#### Task brief
Below are some entries. Transcribe the lines from the one holding "Empat Hektare Hutan di Subaya Terbakar" to the one holding "A10 SC Cocobolo", inclusive, but not the pictures among them.

#### Data provided
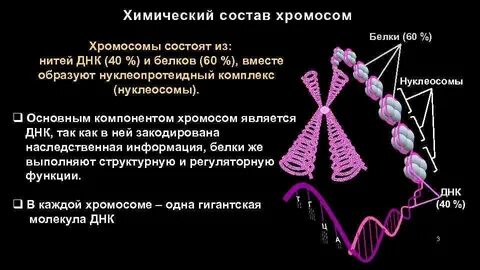 Химический состав половых хромосом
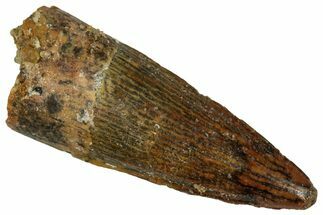 Juvenile Fossil Spinosaurus Tooth - Real Dinosaur Tooth #348709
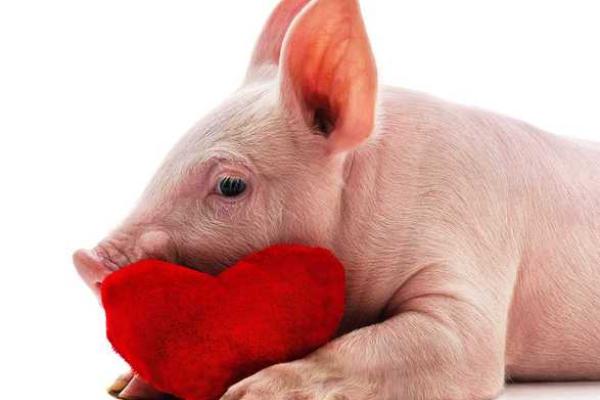 女大海水命与哪些命最合适，揭开命理神秘面纱！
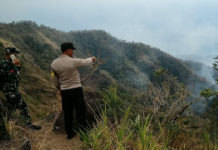 Empat Hektare Hutan di Subaya Terbakar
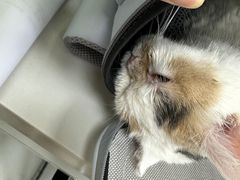 -乖乖宠物医院·猫科·急重症中心(车站北路分院)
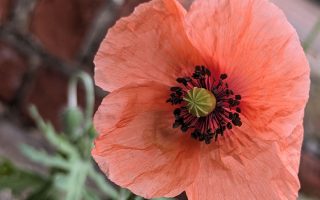 Mohn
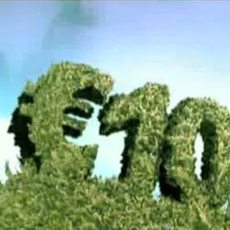 National Lottery / EuroMillions Garden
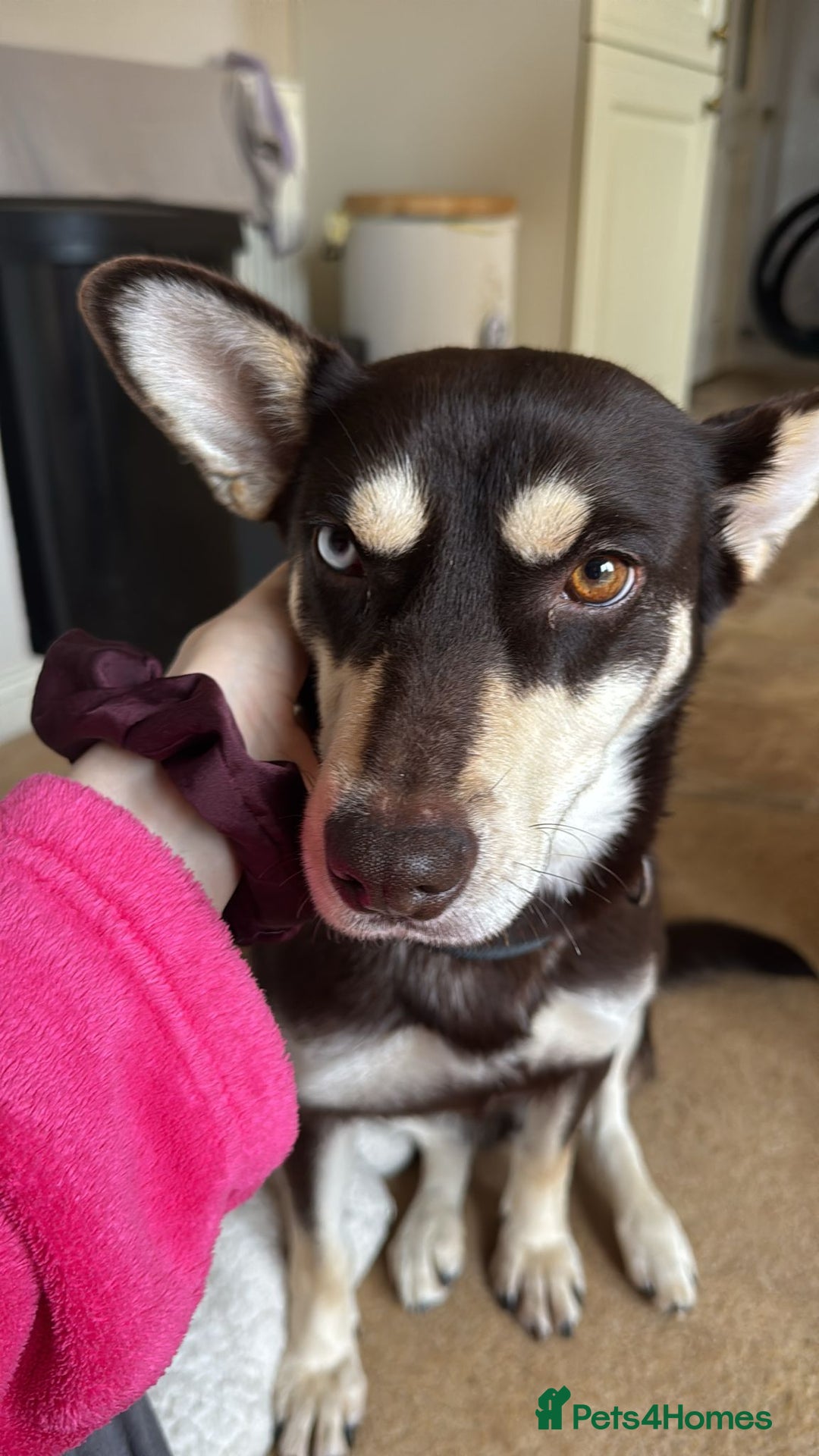 Mixed Breed dogs for adoption: ❤️Azara❤️: 3-year-old small-to-low-medium girl  - Advert 7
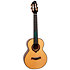 A10 SC Cocobolo Dragon Tenor 10th Anniv + Housse Flight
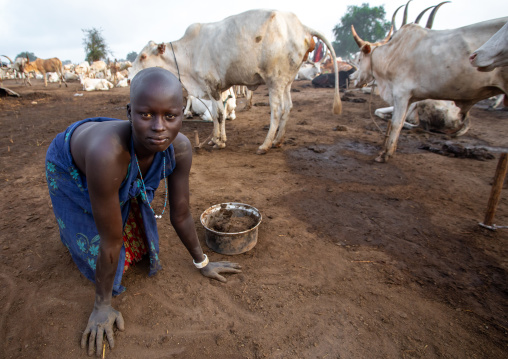 Mundari tribe woman collecting dried cow dungs to make bonfires to keep mosquitoes away, Central Equatoria, Terekeka, South Sudan
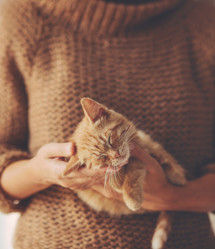 Similar image 8480805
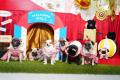 「じっとできない子大歓迎!」犬も飼い主も“無理をし 「じっとできない子大歓迎!」犬も飼い主も“無理をし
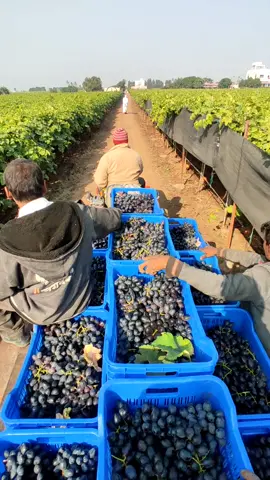 Cosecha de Uvas 🍇  grape harvest 💚  🌱🛤️🚜🤠  #inversioneselvillorro #agro #agriculture  #harvest #grape #farming #siembra #campo #fruit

#### Written answer
 Empat Hektare Hutan di Subaya Terbakar
 -乖乖宠物医院·猫科·急重症中心(车站北路分院)
 Mohn
 National Lottery / EuroMillions Garden
 Mixed Breed dogs for adoption: ❤️Azara❤️: 3-year-old small-to-low-medium girl  - Advert 7
 A10 SC Cocobolo Dragon Tenor 10th Anniv + Housse Flight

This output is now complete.